Flaviane Faria Carvalho
Flaviane Faria Carvalho é professora do curso de Letras do Instituto de Ciências Humanas e Letras (ICHL) da UNIFAL-MG. É doutora em Linguística Aplicada pela Universidade de Lisboa (2012), mestre em Estudos Linguísticos pela Universidade Federal de Minas Gerais (2007) e graduada em Comunicação Social pela Universidade Federal de Viçosa (2006). Atualmente, realiza estágio pós-doutoral no Programa de Pós-graduação em Estudos de Linguagens do CEFET-MG. Tem experiência nas áreas de Linguística Aplicada e Comunicação Social, atuando principalmente nos seguintes temas: semiótica social, multimodalidade, análise crítica do discurso, multiletramentos, gêneros textuais, escrita acadêmica, roteiro e produção de documentário, editoração e assessoria de comunicação.

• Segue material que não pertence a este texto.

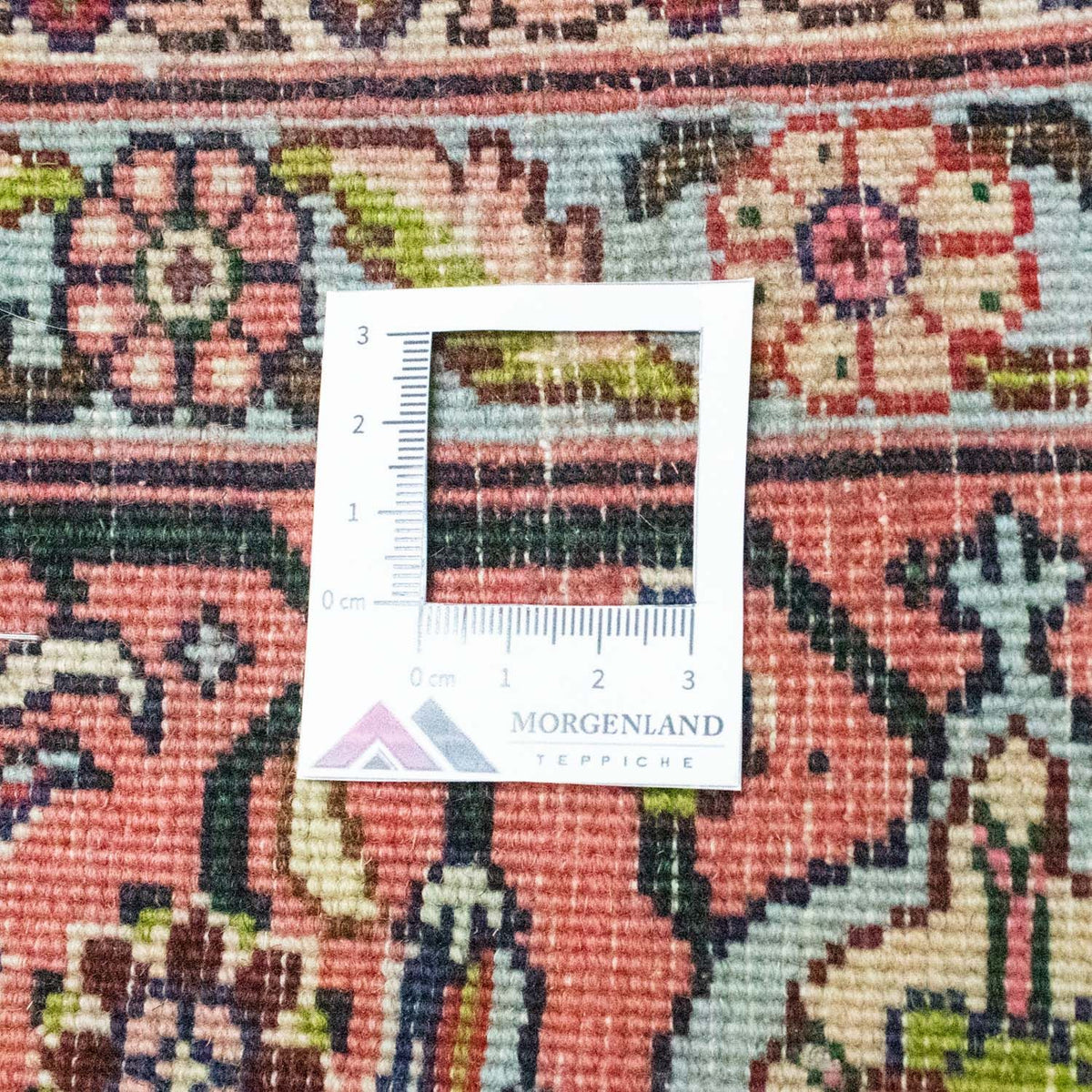 Perzisch tapijt - Klassiek - 300 x 205 cm - blauw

É membro do Grupo de Pesquisas Linguísticas Descritivas, Teóricas e Aplicadas (GPLin/UNIFAL-MG), do Laboratório de Estudos Críticos do Discurso (LabEC/UnB) e do Grupo de Estudos em Multiletramentos, Leitura e Textos (GEMULTE/UFES).


Jaíne Reis Martins
Jaíne Reis Martins é colaboradora assistente da Diretoria de Comunicação Social (Dicom) da UNIFAL-MG e docente de Redação para o ENEM pelo Programa Cidade Escola, realizado pela Prefeitura de Alfenas. É graduada em Letras pela Universidade Federal de Alfenas e especializanda em Psicopedagogia pelo Centro Universitário Leonardo da Vinci. Tem formação em Canto pelo Centro Municipal de Música Professora Municipal Walda Tiso Veiga. Atuou como professora designada na Secretaria de Estado de Educação de Minas Gerais e como redatora no jornal Folha Areadense de Areado – MG. Durante a graduação, foi bolsista no Programa Institucional de Bolsa de Iniciação à Docência PIBID financiado pela Coordenação de Aperfeiçoamento de Pessoal de Nível Superior (Capes). Também trabalhou como revisora na editora Nova Concursos e como analista de Mídia Social na Diretoria de Comunicação Social (Dicom) da UNIFAL-MG.